Similhante alteração é alem d'isso manifestamente opposta aos interesses da justiça e ás conveniencias sociaes.

Rasões de familia e respeitaveis interesses do queixoso podem determinal-o a não denunciar a justiça a offensa pessoal que recebeu, e taes serão as circumstancias que elle prefirá não só desaggravar a assoalhar o facto num processo criminal. E o que succede nos crimes de liberdade de imprensa em que as injurias individuaes hão são perseguidas sem requerimento do offendido. O queixoso prefere muitas vezes resignar-se com a injuria a dar-lhe larga publicidade nos tribunaes. Alem d'isso os bons principios liberaes não permittem a intervenção dos poderes publicos nos casos de offensa senão quando a sociedade é tambem verdadeiramente aggravada.

Vamos ao ponto capital, a prisão por custas.

Publicado o decreto de 15 de setembro de 1892, depois alterado por um decreto dictatorial, e agora pelo projecto sujeito a apreciação parlamentar, os funccionarios judiciaes, sobretudo em Lisboa e Porto, levantaram grandes clamores contra os artigos que prohibiam a remissão das custas com prisão, e ampliavam a fiança ás custas, porque era mais difficil encontrar fiador com o novo encargo, e elles perdiam salarios com a diminuição dos incidentes de fiança.

Não fôra pensamento do decreto de 15 de setembro de 1892 prejudicar nos seus emolumentos e salarios os funccionarios judiciaes, e tanto que elle comprehendia na garantia da fiança tambem as custas.

Se eram mais raras as fianças por serem ampliadas tambem ás custas, o que pedia a administração da justiça e o respeito pela liberdade era que fossem excluidas da fiança as custas.

Porém, em vez d'isso, o governo aproveitou a occasião para rasgar mais uma garantia liberal, restabelecendo de novo a prisão por dividas.

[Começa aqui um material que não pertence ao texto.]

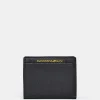 Fashion Mandarina Duck Dual Wallet Wallet Black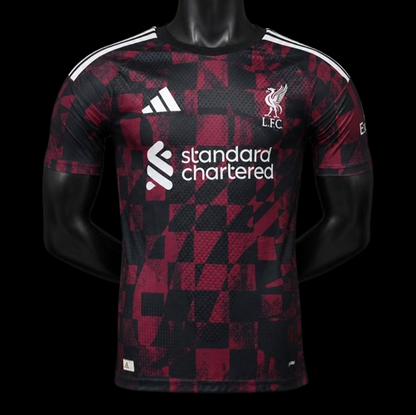 Liverpool Maillot Third 26/27 – Version Player
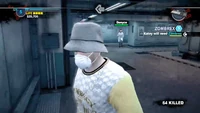 Dead rising 2 Deynce escorting back (4)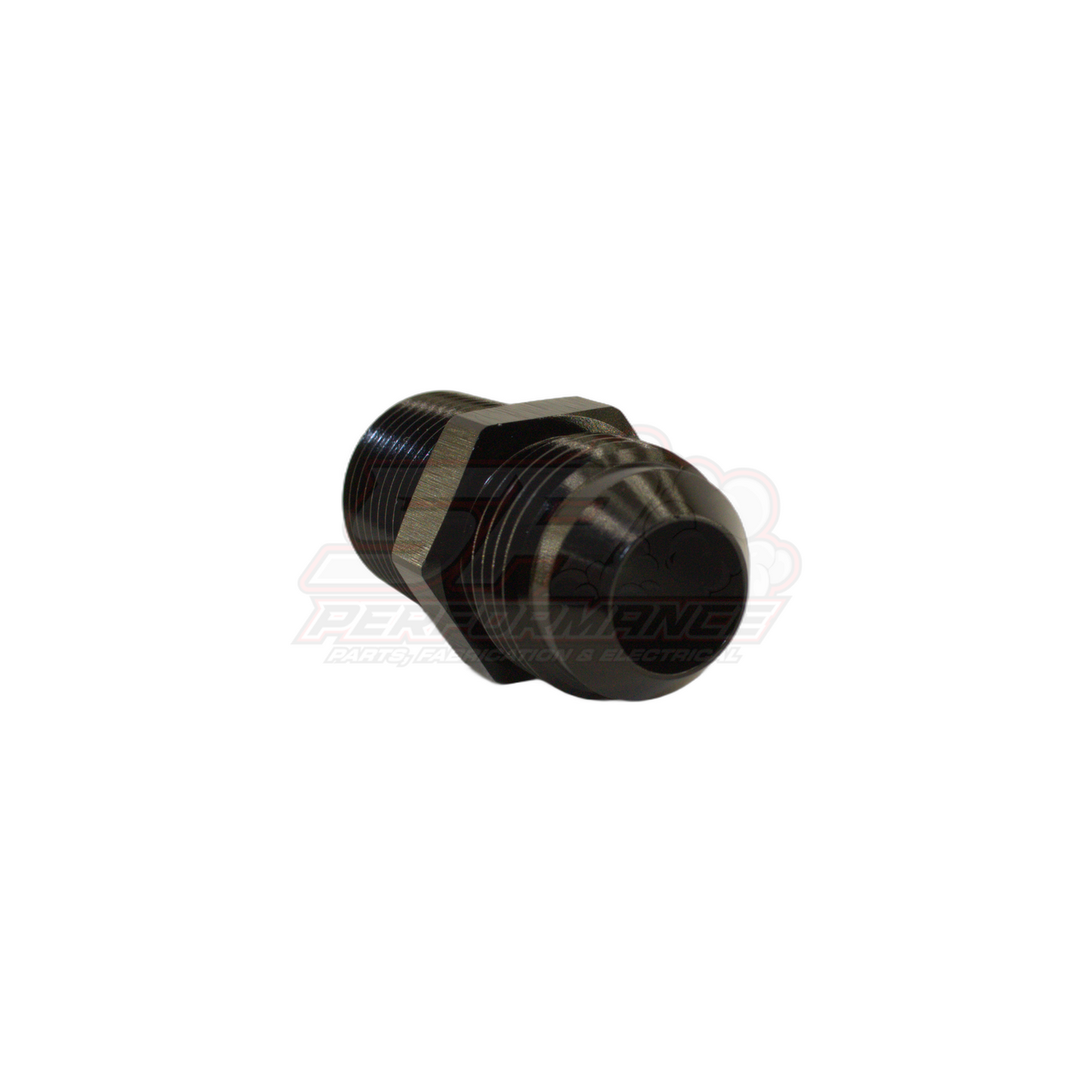 AN12 Male Flare to 3/4" Male NPT Straight Adapter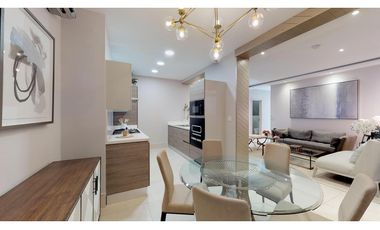 ALQUILER  APARTAMENTO AMOBLADO OCEAN HOUSE, SANTA MARIA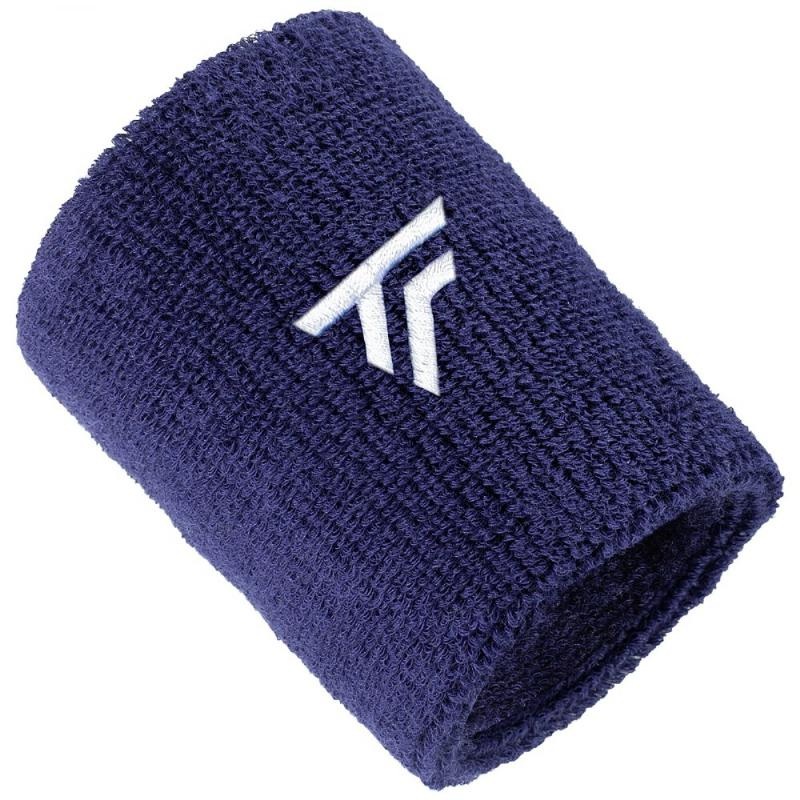Muequera Tecnifibre XL Marino 1 Unidad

Muito antes da publicação do decreto de 15 de setembro de 1892, sustentava eu, commentando o codigo de processo civil, que já por este codigo não era permittida a prisão por custas, e em varios accordãos da relação do Porto foi accentuada esta jurisprudencia.

O codigo do processo marcou ou termos a seguir para a execução da obrigação de pagar ás custas, e em caso nenhum reconhecia a prisão como meio ou garantia de pagamento.

O relatorio da illustre commissão, assim como o do decreto sobre que recaiu o parecer que estamos discutindo, parte de uma base absolutamente injuridica, e contraria a lei. Parte do principio que as custas são um elemento penal ou antes uma verdadeira pena!

Ora, as custas tanto em materia crime como em materia civil, representam uma especie de imposto para o estado, ou para pagamento aos funccionarios do estado, porque a justiça em Portugal não é gratuita.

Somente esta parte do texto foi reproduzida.